However in the present case, since the question before the court is whether or not the court has the power or remit to grant an injunction in the present case, the Court placed reliance on the case of Centron Industrial Alliance Ltd v. Pravin Kantilal Vakil & Anr.[4], where the petitioners sought to Court to grant an injunction on the EGM that sought a resolution that the company should withdraw its petition filed before Bombay High Court for the purpose of renegotiating with Brooke Bond India Ltd.

In this referred case, Bombay High Court was posed with the question whether shareholders can requisition a meeting compelling the company to resile from its legal obligation to present a petition for confirmation of the scheme.

While examining the nature of concerned requisitioned meeting, the Court had referred upon the decision of the case Foss v. Harbottle[5], in which it reaffirmed that the courts would generally refuse to interfere in the internal management of the company unless there comes a situation where a general meeting is called where nothing legal could be done, in such cases, injunction restraining the meeting might be granted.

While observing the cases of Isle of Wight Railway Co. v. Tahroudin[6], Foss v. Harbottle[7] and Cricket Club of India Ltd. v. Madhav L. Apte[8], the Court, in this case, had observed that the requisitioned meetings in question were all related to discussing the internal management of the company, thus explaining the court’s reluctance in granting an injunction on the same. The Court in this case was thus of the opinion that there is no point in requisitioning a meeting to pass a resolution that would be wholly illegal.

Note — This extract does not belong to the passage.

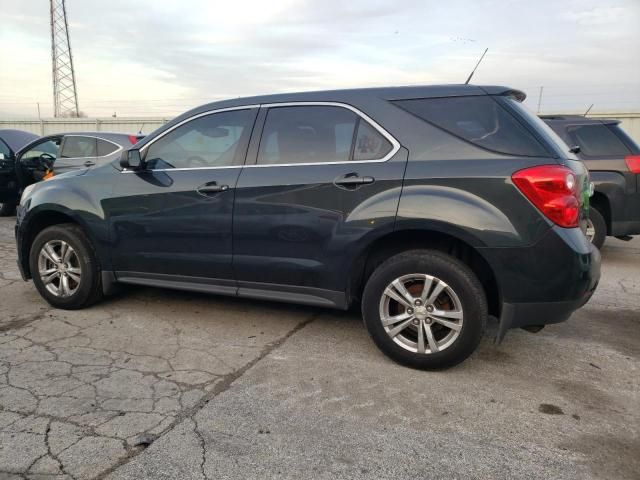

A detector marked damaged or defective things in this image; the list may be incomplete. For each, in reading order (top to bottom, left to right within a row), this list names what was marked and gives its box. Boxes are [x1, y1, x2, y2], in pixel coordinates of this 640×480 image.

cracked asphalt [0, 218, 636, 480] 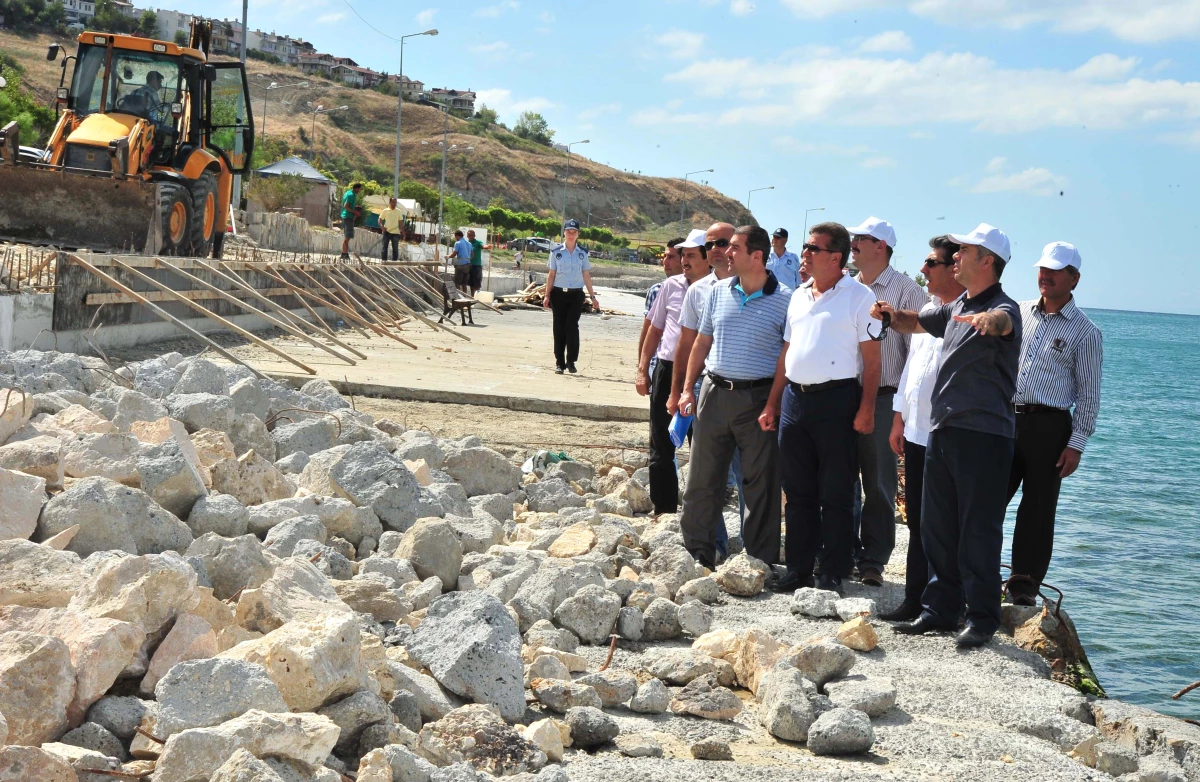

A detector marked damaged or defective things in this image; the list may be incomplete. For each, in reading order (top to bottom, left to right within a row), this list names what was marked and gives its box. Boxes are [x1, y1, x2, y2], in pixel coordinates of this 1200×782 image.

Whether the resolution sought to be done through the requisitioned EGM is plainly illegal

The Court looked into the case of Queensland Press Limited v. Academy Investments No 3 Pty Ltd & Anr [9], an unreported decision of the Supreme Court of Queensland, where the proposed resolution required the directors of the Board to ratify a proposal for disposing of the company’s major asset. Since the board of directors, who are not just agents of the shareholders, had to decide whether a major asset should be sold, the objective of the requisition was determined to be one that could not be legally effectuated, hence entitling the directors to refuse the convening of the meeting.

In the case of Rose v. McGivern[10], the proposed resolution was to replace an entire Board of Directors which is something that cannot be practically implemented. Hence, the Court in this case was of the opinion that the directors should be entitled to refuse to convene a meeting in relation to the proposal, even if it the matter to be transacted as per the proposal is an object rather than a resolution.

Whether the Court can assess the legality of the resolutions proposed at the requisitioned EGM

Now, as to the contention of the defendant counsel that the Court is precluded from looking at the legality of the proposed resolutions, the court opined that the legality of the resolution must be left to the general body and the same cannot be subjected to questioning until the said resolution has taken place. However, the implementation of the resolution can be restrained by the court where the court would have to look into the whole issue itself. This opinion was based upon the reliance placed on the case of Kaye and Anr. v. Oxford House (Wimbledon) Management & Ors.[11]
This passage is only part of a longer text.